The Cubs are 3-4 against Milwaukee this year though Chicago’s starters had not allowed an earned run in the first 32.1 innings of play against the Brewers.

  • Games Played: 57
  • Record: 28-29 (.491), 3rd place in NL Central
  • In One-Run Games: 10-11 (.476)
  • Total Plate Appearances: 2,143
  • Total Strikeouts: 503
  • Strikeout Rate: 23.47%
  • Team Batting Average: .228
  • With Runners in Scoring Position: 101-for-434 (.233)
  • Runs Scored: 244
  • Runs Allowed: 254
  • Pythagorean Record: 27-30
  • Chances of Making the Playoffs: 59.6%, 2.0% chance to win World Series 

How About That!

MLB analysts believe the Mets hung reliever Jorge López “out to dry” by making him a scapegoat for the team’s current struggles.

López may have been misquoted due to his inability to communicate properly in English.

The beleaguered reliever was trying to say he was the worst teammate in the world but was quoted as if he was speaking about his teammates. The Mets should have insisted he speak with an interpreter present.

Wander Franco will remain on mandatory leave of absence through at least July 14 according to league officials.

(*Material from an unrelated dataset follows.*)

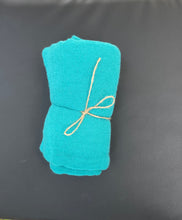 Lade das Bild in den Galerie-Viewer, Schal Lilly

MLB insider Ken Rosenthal said Marlins starting pitcher Jesús Luzardo is a virtual lock to be traded between now and July 30. Rosenthal also named Mets first baseman Pete Alonso as a player to watch as the deadline approaches.

The Giants and Braves are the likeliest suitors for Luzardo.

The last pitcher to enter the 300-win club was lanky lefty Randy Johnson, but membership might be closed. Usage analytics will probably prevent starters from reaching that mark again. Justin Verlander is the active leader with 260 wins. He’s followed by Zack Greinke (225), Max Scherzer (214), and Clayton Kershaw (210).

Thursday’s Three Stars

  1. Ryan Jeffers – Two jacks and three RBI for the Twins DH in a 7-6 win over the Royals.
  2. José Siri – The Tampa Bay centerfielder hit two solo home runs, including one off of Mason Miller in the Rays’ 6-5 win over the A’s. Richard Lovelady earned the win, by the way.
  3. Francisco Lindor – Baseball’s most overpaid player went 4-for-4 with a dinger after calling a team meeting to address the slumping Mets’ offense. Perhaps he and his teammates should do a morning Starbucks run on the daily.

Extra Innings

The I-Cubs may be more fun to watch than their MLB counterparts. That is one mammoth blast by Alexander Canario.

They Said It

  • “We’re not getting wins right now, but I feel like they’re going to come. It’s going to turn. There’s too much talent in here not to. [We] have too many professionals, guys who are just locked in every day, so it’s going to happen. We’ll just stick together and figure it out.”Jameson Taillon
  • “We’ve just got to keep going. When you’re in a tough stretch, it feels like you don’t get breaks. We’ve got to make our own breaks.” – Counsell
  • “[Pete’s] role is to help us win. When he plays, he’s obviously going to play center field. The result is we’ll see Cody maybe at some different positions at times, but we’ll just kind of mix and match and see how that goes. We’re gonna have some choices every day in the lineup. Fun for the fans. Fun for [the media]. There’s gonna be days when he doesn’t play. We obviously brought Pete up to be a part of this and I think it gives us some more choices throughout the game, but I expect that to evolve and hopefully, we get a good solution out of it.” – Counsell

Friday Walk-Up Song

Friday feels courtesy of this fantastic cover by John Mellencamp. This video reminds me of the car wash scene from the movie Cool Hand Luke.

Fun fact: Mellencamp uses the line “Calling it your job ol’ Hoss sure don’t make it right,” from Cool Hand Luke in his song Rain on the Scarecrow.